Os mais de 7,3 milhões eleitores aptos a votar elegerão o próximo governante dentre nove candidatos direitistas e só um de esquerda, a Nobel da Paz de 1992, Rigoberta Menchú.
Embora o favorito para vencer as eleições seja o general reformado Otto Pérez Molina, do Partido Patriótico (PP), os analistas não acreditam que os votos sejam suficientes para evitar um segundo turno contra o segundo mais votado, que tudo indica será o empresário Manuel Baldizón, de Liberdade Democrática Renovada (Líder).
Os dois candidatos, que passaram esse sábado com suas famílias e os assessores mais próximos, manifestaram confiança em obter o triunfo nas urnas.
“Estamos prontos e estamos confiantes do que fizemos e do apoio dos guatemaltecos”, disse Pérez Molina, de 60 anos, aos jornalistas em sua residência.
Baldizón, de 40 anos, também disse estar satisfeito com o trabalho durante a campanha eleitoral e disposto a aceitar o que a história reservou.
As últimas pesquisas publicadas pela imprensa local dão Pérez Molina com 48% das intenções de voto, superando por mais de 30 pontos Baldizón, que tem 18,3%.
O próximo Governo receberá uma Guatemala acossada pela violência e uma crise fiscal derivada da falta de recursos pela evasão e o contrabando que cada ano supera os US$ 1 bilhão, segundo dados oficiais.
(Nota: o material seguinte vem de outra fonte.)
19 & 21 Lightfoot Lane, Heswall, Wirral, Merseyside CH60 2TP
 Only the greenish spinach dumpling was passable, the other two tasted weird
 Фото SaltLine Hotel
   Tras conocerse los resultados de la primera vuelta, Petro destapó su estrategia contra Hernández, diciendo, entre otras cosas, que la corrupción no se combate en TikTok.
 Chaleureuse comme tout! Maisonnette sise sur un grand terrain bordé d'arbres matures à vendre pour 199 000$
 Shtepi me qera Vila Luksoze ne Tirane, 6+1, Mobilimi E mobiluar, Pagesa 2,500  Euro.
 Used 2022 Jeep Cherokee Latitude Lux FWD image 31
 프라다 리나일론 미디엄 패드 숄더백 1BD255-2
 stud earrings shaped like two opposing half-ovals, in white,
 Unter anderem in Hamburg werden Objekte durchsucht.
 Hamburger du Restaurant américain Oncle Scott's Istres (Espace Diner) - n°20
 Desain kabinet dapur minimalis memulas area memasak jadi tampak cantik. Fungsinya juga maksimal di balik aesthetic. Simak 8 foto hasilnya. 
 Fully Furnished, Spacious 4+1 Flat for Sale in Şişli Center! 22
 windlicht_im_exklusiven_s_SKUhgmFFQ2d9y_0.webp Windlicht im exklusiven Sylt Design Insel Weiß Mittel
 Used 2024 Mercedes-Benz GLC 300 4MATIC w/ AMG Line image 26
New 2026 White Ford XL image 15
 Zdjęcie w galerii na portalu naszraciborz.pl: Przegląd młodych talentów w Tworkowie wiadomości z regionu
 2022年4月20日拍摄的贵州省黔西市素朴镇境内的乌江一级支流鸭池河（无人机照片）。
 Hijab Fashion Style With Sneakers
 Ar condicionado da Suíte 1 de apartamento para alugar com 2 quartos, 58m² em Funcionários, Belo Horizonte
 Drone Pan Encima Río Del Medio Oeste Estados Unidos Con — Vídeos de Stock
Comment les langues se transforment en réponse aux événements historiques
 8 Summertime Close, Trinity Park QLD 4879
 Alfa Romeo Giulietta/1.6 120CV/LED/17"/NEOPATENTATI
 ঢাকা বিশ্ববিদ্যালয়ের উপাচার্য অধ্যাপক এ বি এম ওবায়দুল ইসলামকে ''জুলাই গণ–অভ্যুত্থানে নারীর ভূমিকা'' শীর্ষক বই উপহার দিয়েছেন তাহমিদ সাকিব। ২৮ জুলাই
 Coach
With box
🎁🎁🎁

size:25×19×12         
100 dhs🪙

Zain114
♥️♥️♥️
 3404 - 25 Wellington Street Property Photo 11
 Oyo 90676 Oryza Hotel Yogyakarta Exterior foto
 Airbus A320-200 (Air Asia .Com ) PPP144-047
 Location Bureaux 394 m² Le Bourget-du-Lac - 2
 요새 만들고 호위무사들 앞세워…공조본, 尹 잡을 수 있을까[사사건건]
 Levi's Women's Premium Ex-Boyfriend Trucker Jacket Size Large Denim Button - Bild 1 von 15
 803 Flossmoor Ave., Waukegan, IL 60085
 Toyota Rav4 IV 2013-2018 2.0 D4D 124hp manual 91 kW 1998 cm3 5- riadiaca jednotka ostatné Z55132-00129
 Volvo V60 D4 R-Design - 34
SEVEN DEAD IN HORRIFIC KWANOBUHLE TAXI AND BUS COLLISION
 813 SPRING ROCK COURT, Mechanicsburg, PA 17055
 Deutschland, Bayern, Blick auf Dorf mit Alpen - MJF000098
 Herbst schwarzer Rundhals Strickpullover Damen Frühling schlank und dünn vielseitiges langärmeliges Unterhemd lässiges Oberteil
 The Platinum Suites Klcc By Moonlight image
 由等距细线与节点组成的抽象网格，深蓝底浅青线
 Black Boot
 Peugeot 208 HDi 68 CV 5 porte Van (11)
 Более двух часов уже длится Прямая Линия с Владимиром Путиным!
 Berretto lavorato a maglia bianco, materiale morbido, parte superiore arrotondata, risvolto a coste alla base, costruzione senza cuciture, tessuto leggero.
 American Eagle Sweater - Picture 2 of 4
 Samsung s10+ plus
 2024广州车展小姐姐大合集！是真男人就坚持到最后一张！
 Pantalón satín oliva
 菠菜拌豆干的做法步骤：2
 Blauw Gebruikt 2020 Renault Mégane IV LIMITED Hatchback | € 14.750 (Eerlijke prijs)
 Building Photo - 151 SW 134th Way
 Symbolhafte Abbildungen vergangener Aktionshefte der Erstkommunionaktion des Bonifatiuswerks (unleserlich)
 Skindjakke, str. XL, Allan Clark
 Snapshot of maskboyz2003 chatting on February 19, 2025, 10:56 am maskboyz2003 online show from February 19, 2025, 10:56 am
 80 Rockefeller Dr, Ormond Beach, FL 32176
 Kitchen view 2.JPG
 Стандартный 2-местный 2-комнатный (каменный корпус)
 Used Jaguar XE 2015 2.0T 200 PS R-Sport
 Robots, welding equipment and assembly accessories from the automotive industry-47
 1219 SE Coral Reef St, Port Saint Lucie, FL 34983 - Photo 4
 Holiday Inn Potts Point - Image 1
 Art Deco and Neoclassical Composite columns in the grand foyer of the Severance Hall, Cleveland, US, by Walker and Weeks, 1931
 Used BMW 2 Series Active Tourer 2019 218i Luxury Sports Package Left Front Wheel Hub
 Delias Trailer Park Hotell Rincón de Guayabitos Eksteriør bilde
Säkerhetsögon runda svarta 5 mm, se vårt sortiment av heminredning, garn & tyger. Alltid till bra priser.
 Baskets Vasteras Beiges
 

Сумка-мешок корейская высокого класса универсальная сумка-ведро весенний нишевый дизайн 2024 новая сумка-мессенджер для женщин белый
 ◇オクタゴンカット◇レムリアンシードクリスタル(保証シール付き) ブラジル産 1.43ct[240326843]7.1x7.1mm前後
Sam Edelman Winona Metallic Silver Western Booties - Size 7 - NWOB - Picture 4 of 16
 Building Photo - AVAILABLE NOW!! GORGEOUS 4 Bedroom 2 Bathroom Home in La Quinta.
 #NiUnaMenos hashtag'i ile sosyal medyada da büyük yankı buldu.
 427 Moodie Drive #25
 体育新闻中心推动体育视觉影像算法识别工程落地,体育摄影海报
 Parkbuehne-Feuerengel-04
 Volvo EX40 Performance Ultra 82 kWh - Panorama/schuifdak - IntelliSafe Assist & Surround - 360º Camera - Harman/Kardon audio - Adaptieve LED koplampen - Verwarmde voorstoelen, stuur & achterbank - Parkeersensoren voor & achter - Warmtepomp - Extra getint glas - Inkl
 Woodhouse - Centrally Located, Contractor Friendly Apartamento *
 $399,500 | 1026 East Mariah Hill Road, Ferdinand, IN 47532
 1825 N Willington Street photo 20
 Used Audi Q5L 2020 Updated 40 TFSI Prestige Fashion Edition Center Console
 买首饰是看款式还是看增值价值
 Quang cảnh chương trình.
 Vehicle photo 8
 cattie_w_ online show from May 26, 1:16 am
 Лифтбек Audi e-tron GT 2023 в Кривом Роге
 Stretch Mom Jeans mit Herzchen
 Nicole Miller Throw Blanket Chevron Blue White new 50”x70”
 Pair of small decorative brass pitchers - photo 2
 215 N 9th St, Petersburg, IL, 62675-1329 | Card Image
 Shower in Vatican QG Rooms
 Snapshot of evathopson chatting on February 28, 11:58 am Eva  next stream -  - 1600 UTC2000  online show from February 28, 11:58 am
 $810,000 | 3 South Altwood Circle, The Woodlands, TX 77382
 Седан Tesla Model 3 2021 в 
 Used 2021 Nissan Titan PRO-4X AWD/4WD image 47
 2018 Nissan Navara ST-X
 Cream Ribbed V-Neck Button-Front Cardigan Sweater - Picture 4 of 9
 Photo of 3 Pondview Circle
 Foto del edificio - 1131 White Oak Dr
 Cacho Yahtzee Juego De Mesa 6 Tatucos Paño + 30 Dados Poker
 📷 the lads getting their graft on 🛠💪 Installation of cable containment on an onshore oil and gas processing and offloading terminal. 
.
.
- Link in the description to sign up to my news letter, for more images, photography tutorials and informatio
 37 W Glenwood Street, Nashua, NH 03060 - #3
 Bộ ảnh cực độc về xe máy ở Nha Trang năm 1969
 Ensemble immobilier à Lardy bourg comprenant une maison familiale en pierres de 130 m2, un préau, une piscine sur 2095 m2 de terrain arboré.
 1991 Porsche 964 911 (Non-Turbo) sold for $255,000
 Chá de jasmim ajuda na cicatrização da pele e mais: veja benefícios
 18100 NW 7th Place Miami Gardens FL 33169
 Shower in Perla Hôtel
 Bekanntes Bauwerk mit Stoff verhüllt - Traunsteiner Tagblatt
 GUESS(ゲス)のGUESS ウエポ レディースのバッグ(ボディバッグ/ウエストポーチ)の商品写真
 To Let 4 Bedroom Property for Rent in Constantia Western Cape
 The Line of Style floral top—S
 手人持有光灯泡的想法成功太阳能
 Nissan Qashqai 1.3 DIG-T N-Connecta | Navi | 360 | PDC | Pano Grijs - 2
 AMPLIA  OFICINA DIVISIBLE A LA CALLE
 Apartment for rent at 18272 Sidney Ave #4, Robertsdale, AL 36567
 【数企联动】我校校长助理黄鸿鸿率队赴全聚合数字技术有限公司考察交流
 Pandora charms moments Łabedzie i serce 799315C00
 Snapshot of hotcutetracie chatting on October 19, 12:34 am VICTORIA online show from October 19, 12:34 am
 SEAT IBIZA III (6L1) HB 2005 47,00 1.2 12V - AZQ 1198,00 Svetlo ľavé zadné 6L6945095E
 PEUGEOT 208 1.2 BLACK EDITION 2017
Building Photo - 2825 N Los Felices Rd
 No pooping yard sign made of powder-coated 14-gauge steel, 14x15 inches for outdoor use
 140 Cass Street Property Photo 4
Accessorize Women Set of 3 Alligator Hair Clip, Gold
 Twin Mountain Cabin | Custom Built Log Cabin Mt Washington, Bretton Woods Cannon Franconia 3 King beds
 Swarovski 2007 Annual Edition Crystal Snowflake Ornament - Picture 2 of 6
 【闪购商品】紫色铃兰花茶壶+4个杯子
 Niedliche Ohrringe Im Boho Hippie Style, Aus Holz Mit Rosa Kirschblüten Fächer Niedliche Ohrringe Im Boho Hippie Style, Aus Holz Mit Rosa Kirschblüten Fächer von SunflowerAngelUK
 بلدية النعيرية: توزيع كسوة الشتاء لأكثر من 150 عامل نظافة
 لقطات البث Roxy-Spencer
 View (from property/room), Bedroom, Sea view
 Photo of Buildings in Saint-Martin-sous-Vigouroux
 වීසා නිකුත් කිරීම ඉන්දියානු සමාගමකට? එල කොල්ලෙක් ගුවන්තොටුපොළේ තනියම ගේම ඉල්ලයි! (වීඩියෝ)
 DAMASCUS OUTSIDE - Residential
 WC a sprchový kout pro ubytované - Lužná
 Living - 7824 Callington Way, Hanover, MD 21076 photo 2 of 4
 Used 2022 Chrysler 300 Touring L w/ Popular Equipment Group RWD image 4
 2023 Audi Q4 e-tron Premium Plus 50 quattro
Nas eleições deste domingo, que serão acompanhadas por 12.270 observadores, a maioria deles guatemaltecos, será eleita, além de presidente e vice-presidente, 158 deputados para o Congresso, 20 para Parlamento Centro-Americano e 333 representantes municipais.
Os colégios eleitorais serão abertos neste domingo às 7h (10h de Brasília) e serão fechados às 18h (21h de Brasília).